* [To do]
Take the lines below from the one with "[upl. by Josephina]" through the one with "10X25 ITAL TASAK" and print only them, exactly. Don't print the pictures.

* [Dataset excerpts]

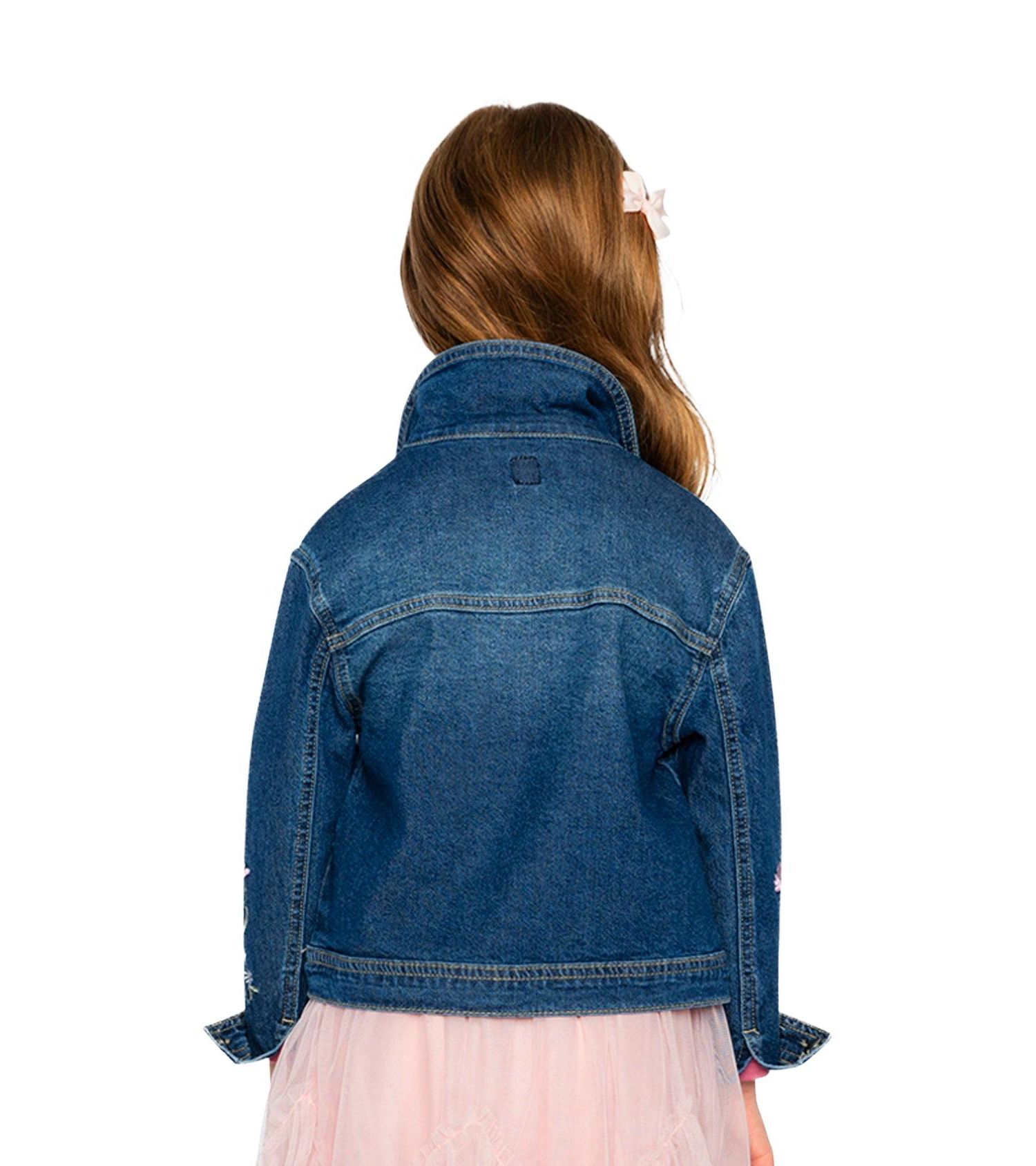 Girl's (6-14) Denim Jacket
...
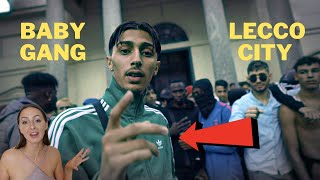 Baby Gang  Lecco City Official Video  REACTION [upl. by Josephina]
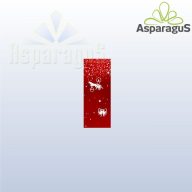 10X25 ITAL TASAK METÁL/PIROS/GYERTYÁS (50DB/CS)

* [Response]
 Baby Gang  Lecco City Official Video  REACTION [upl. by Josephina]
 10X25 ITAL TASAK METÁL/PIROS/GYERTYÁS (50DB/CS)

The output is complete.